“A critical examination of the relationship between materiality and the Black psyche.”

When we think about what it means to breathe in 2021, the shadows of the trauma of the global pandemic and the brutal violence of a relentless procession of contemporary manifestations of structural racism loom large. The effects of COVID-19 are inextricably linked with the act of breathing in the present day, just as is the memory of George Floyd, who was murdered by a white police officer with a knee on his neck. We might also think of Eric Garner, Javier Ambler, Manuel Ellis and Elijah McClain, all of whom repeated the phrase “I can’t breathe” before their breath was also stopped by the hands of police. In 2013 a nine-year-old girl, Ella Adoo-Kissi-Debrah, became the first person in Britain to officially have air pollution listed as a cause of death. Living with her family next to South Circular Road in Lewisham, Ella suffered from severe asthma and was hospitalised more than 30 times during her short life, her lungs collapsing on five separate occasions. 

These are the conditions within which multidisciplinary artist, director, poet and Fact Resident Julianknxx finds himself trying to draw breath. They are they same conditions that Christina Sharpe equates to living “in the wake” in her essential, revelatory book In The Wake: On Blackness and Being, in which she explodes and expands the meaning of ‘the wake’ by connecting its multiple registers, including the path behind a (slave) ship, the act of keeping watch with the dead and the experience of coming into consciousness. Sharpe identifies the wake as “the conceptual frame of and for living blackness in the diaspora in the still unfolding aftermaths of Atlantic chattel slavery” and it is within this framework that Julianknxx situates Black Corporeal (Between This Air).

Describing the work as “a critical examination of the relationship between materiality and the Black psyche”, Julianknxx interrogates the continual challenge to breath experienced by Black bodies, a challenge that manifests as a persistent invocation to breathe. The chorus of singers assembled by lead vocalist Celestina Diamond carry this cry in song as a consistent thread through the work, their voices fading in and out, just as the artist’s camera dissolves in and out of darkness: inhalation and exhalation. “Let me breathe / as though I work this land,” reads Julianknxx from I Can’t Breathe, one of two poems that feature in the film, written in 2016 as a response to the killing of Eric Garner. “As though the earth / is one with my beating heart. We the generation digging deep for a breath.” Held in the moments between breath, the artist’s words reverberating through the song of his collaborators, it is as though we ourselves our fading in and out of consciousness.

One of the kinds of work Christina Sharpe understands as essential to being in the wake is the work of aspiration, “what it takes, in the midst of the singularity, the virulent antiblackness everywhere and always remotivated, to keep breath in the Black body.” It’s a concern she shares with Ellah P. Wakatama, OBE, who’s voice is one of many woven into the fabric of Black Corporeal. As Editor-at-Large at Canongate Books and the founding Publishing Director of The Indigo Press, Julianknxx casts Wakatama in the role of griot, a West African title for a storyteller, bard and repository of oral tradition. His conversation with her forms a fundamental part of his poetic practice, as he describes it: “to create a living oral archive of the lives, thoughts and perspectives of my community of artists, writers, thinkers and elders.” Like Christina Sharpe, Wakatama underlines the importance of “finding the spaces that allow you to breathe deeply, ” or as Sharpe puts it: “the necessity of breath, to breathing space, to the breathtaking spaces in the wake in which we live.”

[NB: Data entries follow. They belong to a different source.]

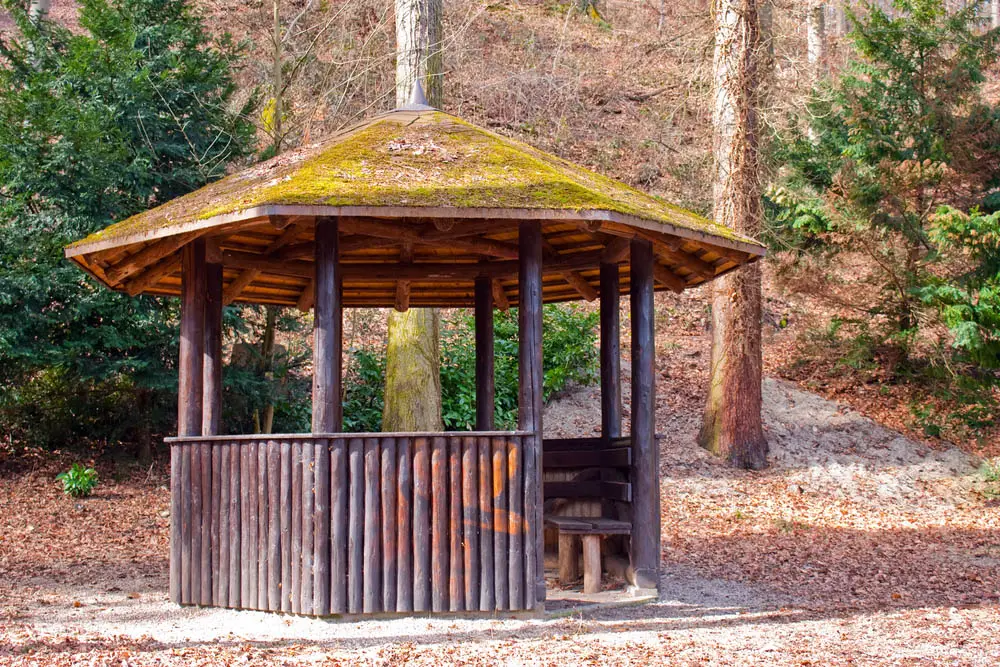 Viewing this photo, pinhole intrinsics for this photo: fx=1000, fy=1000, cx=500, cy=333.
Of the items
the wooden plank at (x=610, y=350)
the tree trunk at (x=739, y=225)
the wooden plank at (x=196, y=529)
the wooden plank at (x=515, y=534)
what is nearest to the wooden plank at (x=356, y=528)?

Fitting, then, that we find ourselves in such a place, illuminated under the foliage of the Barbican Conservatory, which in the film stands as a place of sanctuary, full of air purified by plant life. “As I get old you need to feel safe in order to properly exhale”, confides Wakatama. It is in this sanctuary, a place of living and breathing, that Julianknxx brings together a chorus of individuals that represent those living in the wake, leading an insistent invocation to breathe, to exist as an embodied people. “My series Black Corporeal is about exploring the fullness of our lives through our bodies,” explains Julianknxx. “To paraphrase Ta-Nehisi Coates, ‘my spirit is my flesh’. I take this exploration on with that level of reverence and respect.” In Black Corporeal (Between This Air), the artist breathes with us and in turn invites us to breathe with him, to reflect on how difficult it still is for Black bodies to draw breath.